Rappelant l’exemple de la grande crise de 2008, le président démocrate, qui fut le bras droit de Barack Obama lorsqu’ils avaient mis en œuvre en 2009 un plan de secours à l’économie américaine, martèle qu’il vaut mieux voir bien plus grand cette fois, pour s’assurer d’éviter une rechute.

La première économie du monde s’était contractée de 3,5% l’an passé, sa pire année depuis la Seconde Guerre mondiale. Selon des experts, le «plan de sauvetage américain» devrait doper la croissance. Et d’après la Maison-Blanche, cette législation «historique» créera plus de 7 millions de nouveaux emplois cette année, rendra les soins de santé plus abordables, tout en sauvant des vies grâce aux aides pour la vaccination généralisée. La présidence affirme également qu’elle réduira de moitié la pauvreté des enfants.

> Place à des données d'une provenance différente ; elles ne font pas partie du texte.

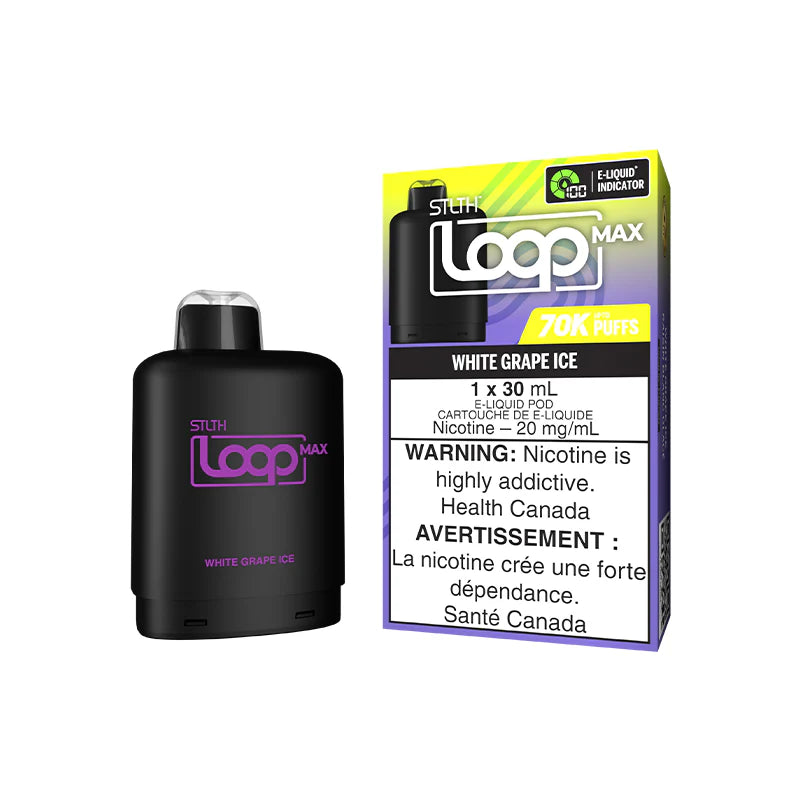 STLTH LOOP MAX Pod - White Grape Ice - 20mg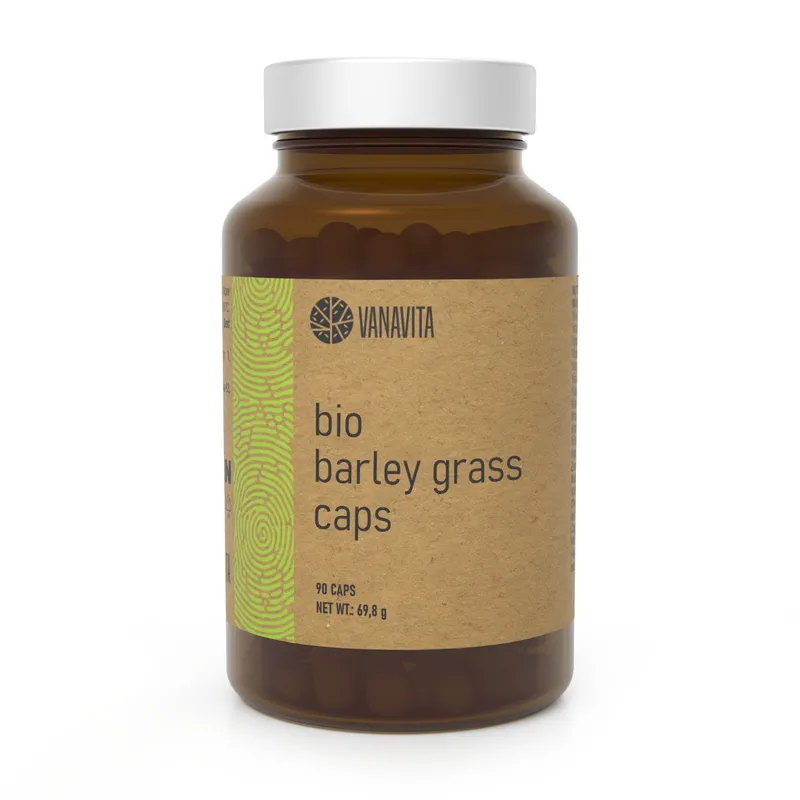 GymBeam Bio VanaVita BIO Gerstengras 90 Kapseln – Produktbild 1 von 1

Le plan comprend des chèques d’aides directes de 1400 dollars (1300 francs) par personne et enfant à charge pour des millions d’Américains, et prolonge jusqu’en septembre des allocations chômage exceptionnelles qui devaient expirer le 14 mars. Ce vaste programme sera le troisième plan adopté par le Congrès américain depuis le début de la pandémie, il y a un an. Le premier, titanesque avec 2200 milliards de dollars (2040 milliards de francs), avait été approuvé avec le soutien des républicains et démocrates, et promulgué par Donald Trump dès mars 2020.